* [Work order]
Write out exactly the lines below from the one containing "Square d 9007 xa7303d enclosed reed switch" to the last, both ends kept, and nothing more; skip all pictures.

[Brief descriptive captions]
»»

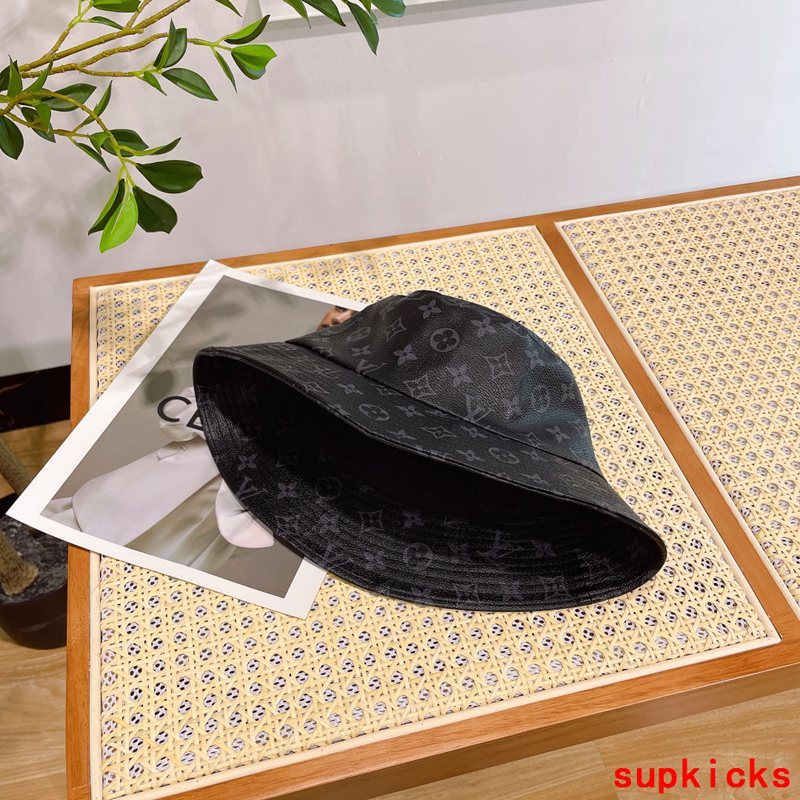 Louis Vuitton Luxury Cap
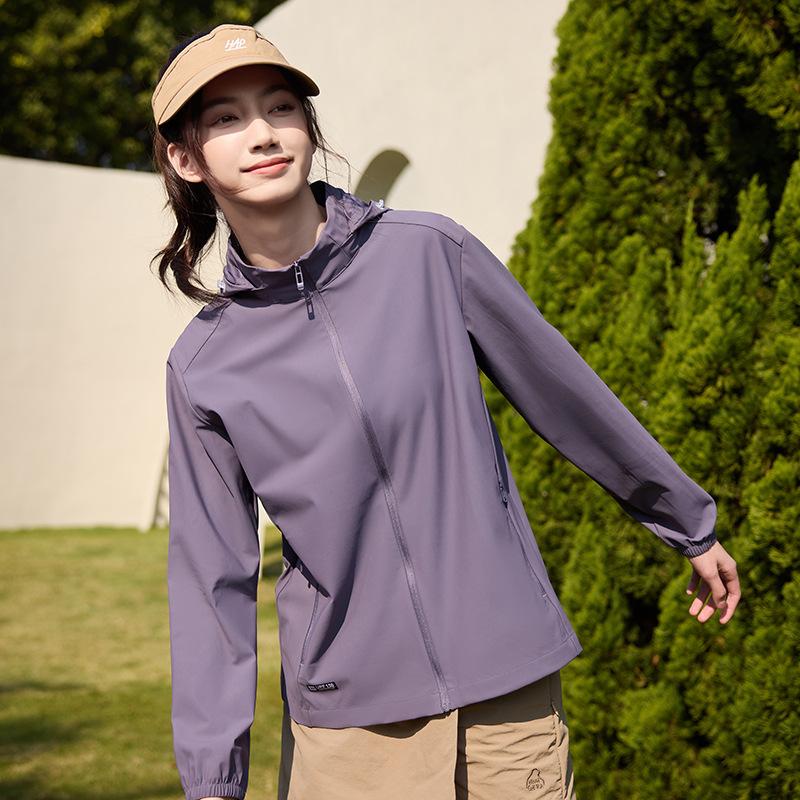 upf110 + sunscreen clothing for men and women UV protection outdoor light and thin ice-feeling hooded summer trench coat group clothing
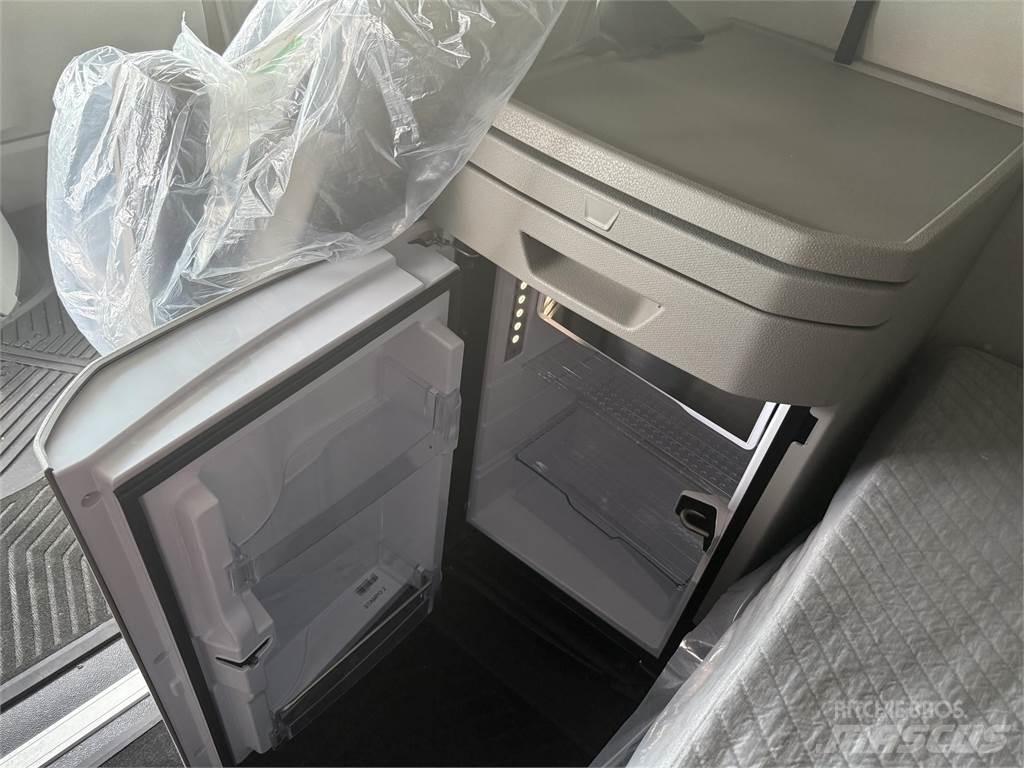 Volvo NEW VNL860 Trekkers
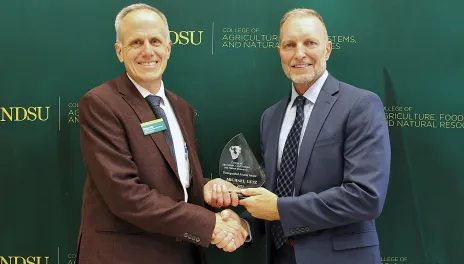 Greg Lardy presents an award to Michael Uetz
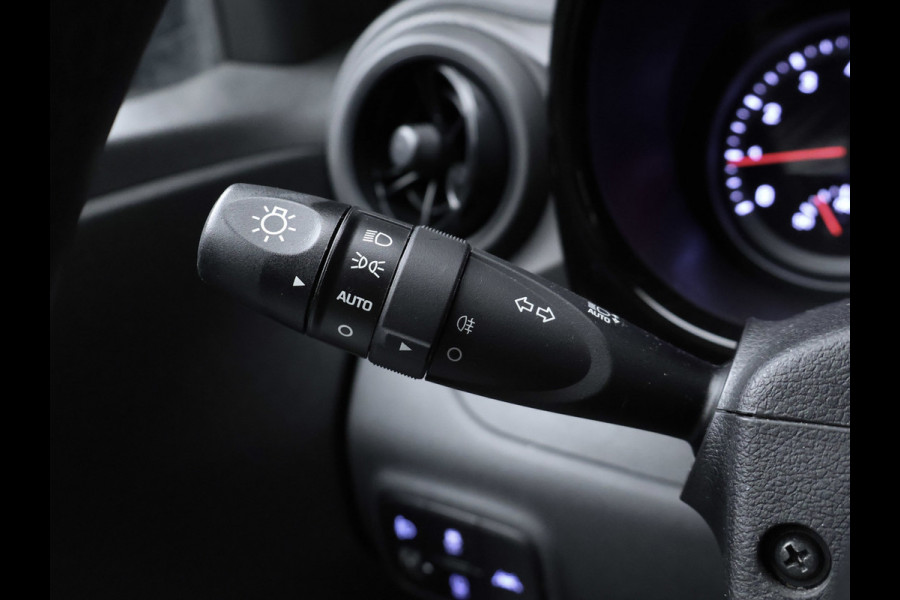 Hyundai i10 1.0 Premium Sport (APPLE CARPLAY,NAVI,CAMERA,STOEL/STUUR VERWARMING,LED,GETINT,CLIMATE,CRUISE,SPORTSTOELEN,LM VELGEN)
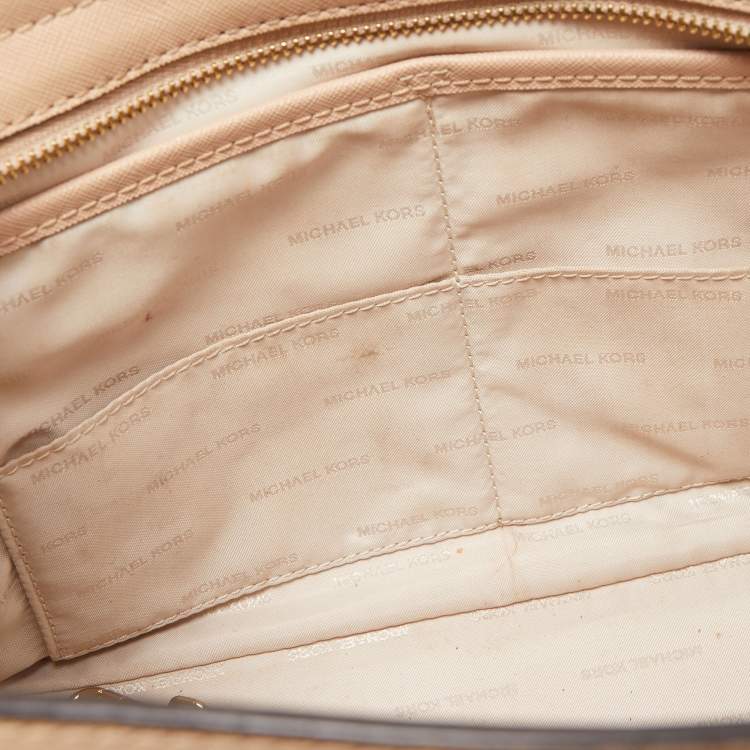 Pre Owned Michael Kors Beige Leather Medium Selma Satchel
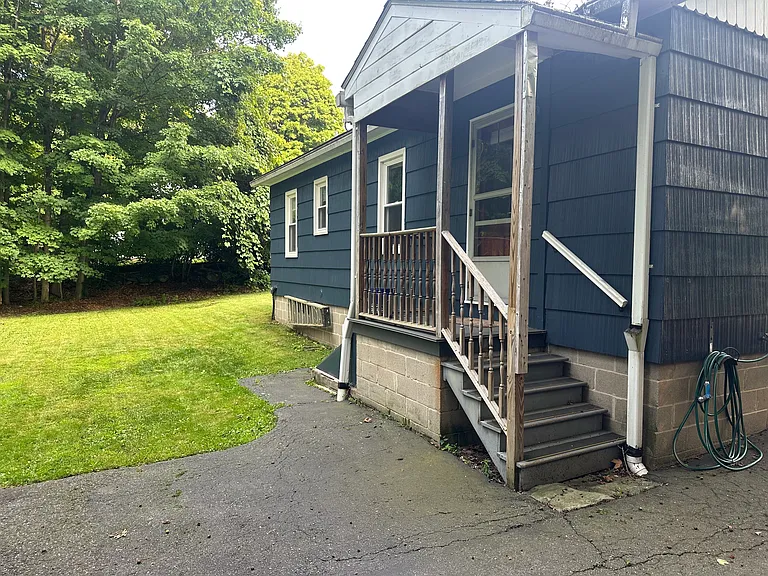 165 Wallens St — Photo 2
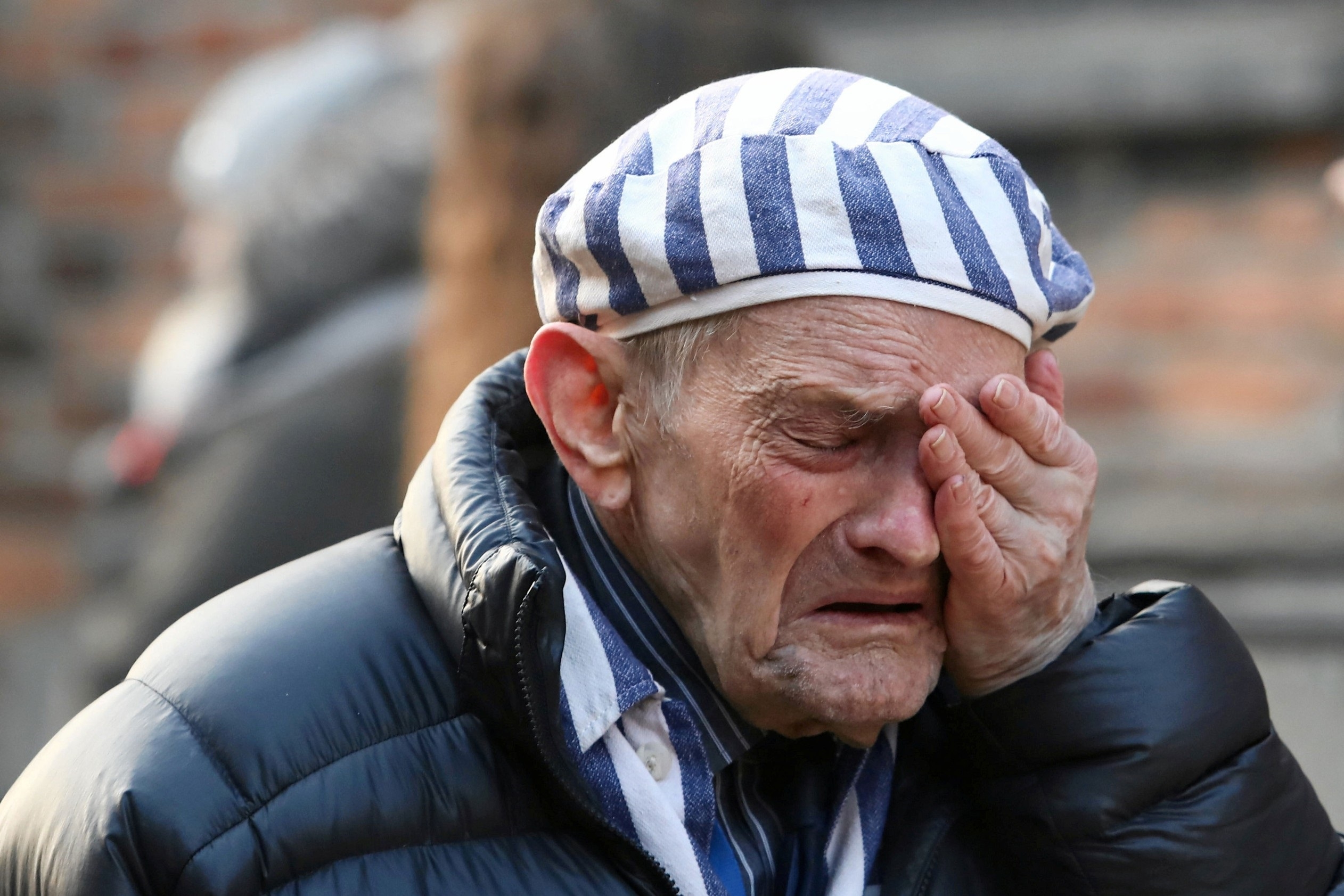 Sobreviventes do Holocausto voltam a Auschwitz após 75 anos da libertação 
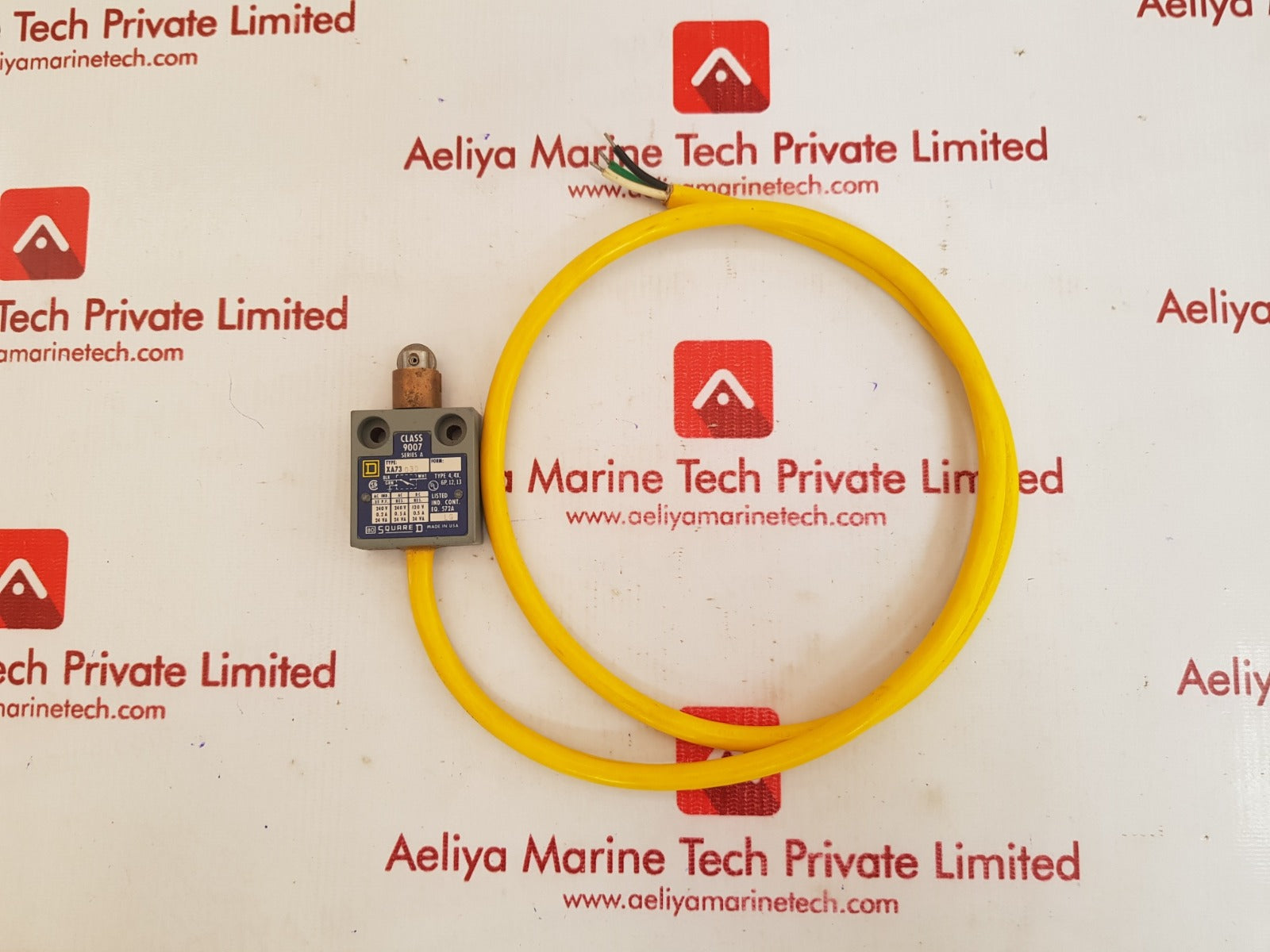 Square d 9007 xa7303d enclosed reed switch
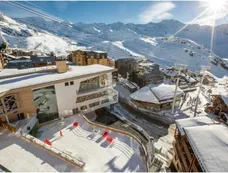 Nicolas Dujovne cambió Punta del Este por los Alpes franceses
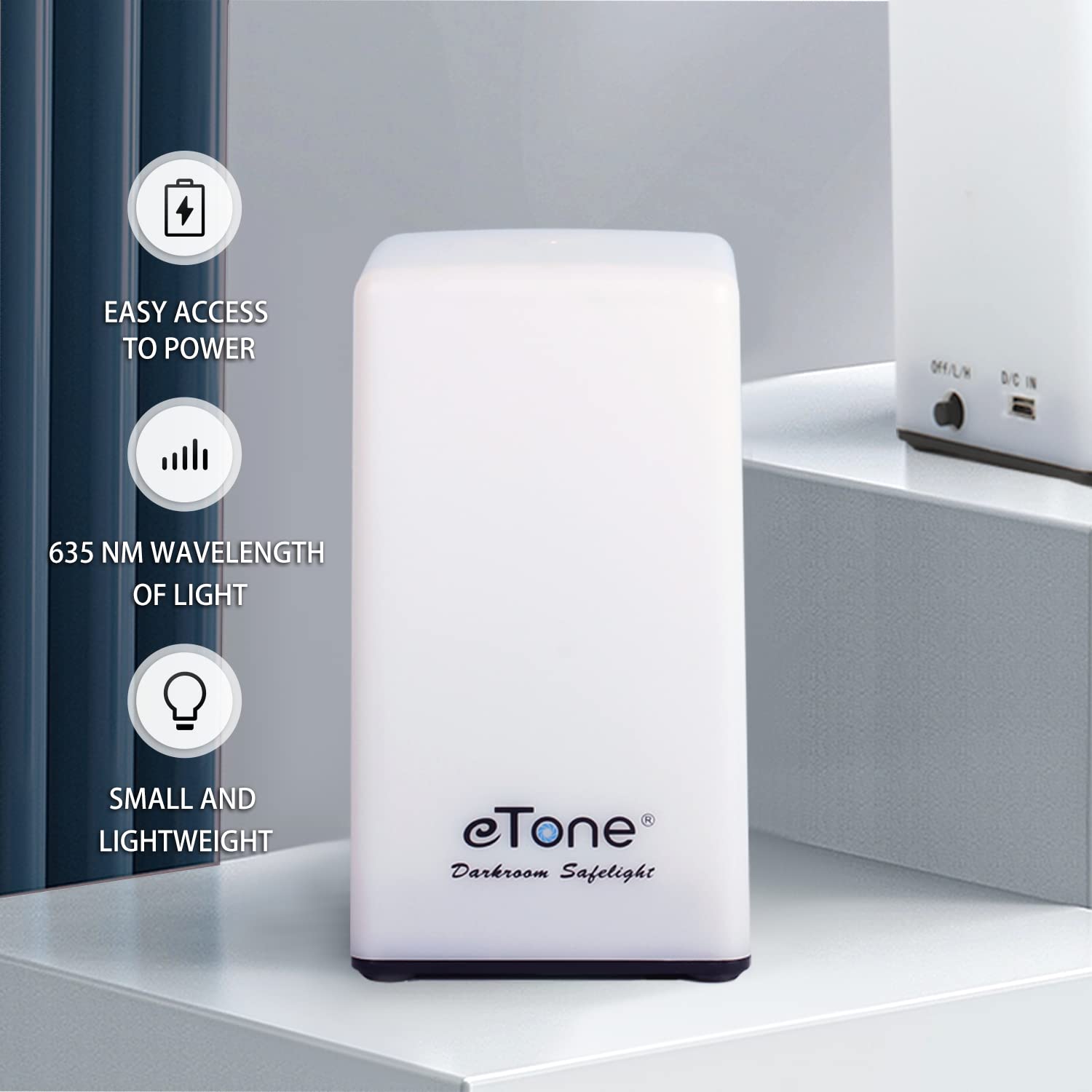 eTone eTone Darkroom Portable Safe Light Lamp 635nm USB Cable Ideal for B&W Film Processing and Print Paper - View 2 of 6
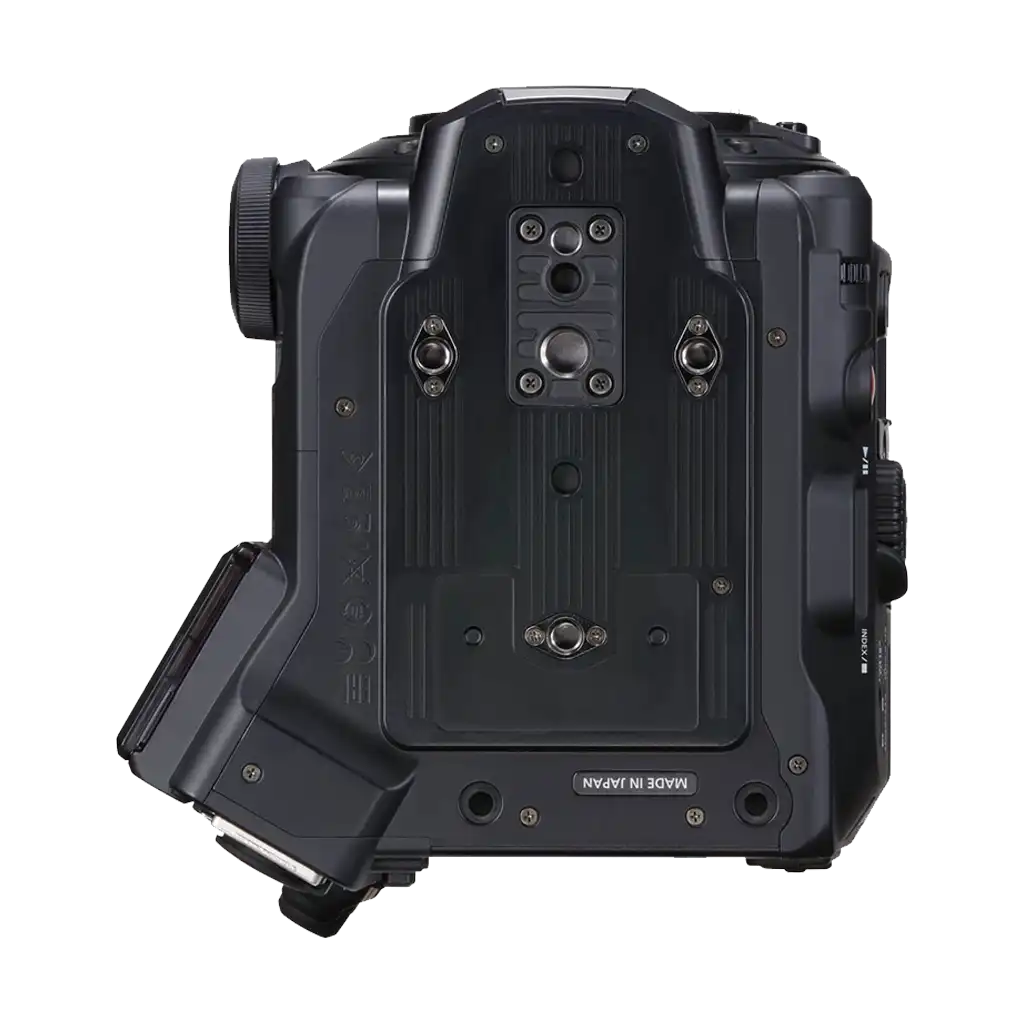Canon EOS C300 Mark III Digital Cinema Camera Body (EF Lens Mount) - Image 3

««

* [Task output]
 Square d 9007 xa7303d enclosed reed switch
 Nicolas Dujovne cambió Punta del Este por los Alpes franceses
 eTone eTone Darkroom Portable Safe Light Lamp 635nm USB Cable Ideal for B&W Film Processing and Print Paper - View 2 of 6
Canon EOS C300 Mark III Digital Cinema Camera Body (EF Lens Mount) - Image 3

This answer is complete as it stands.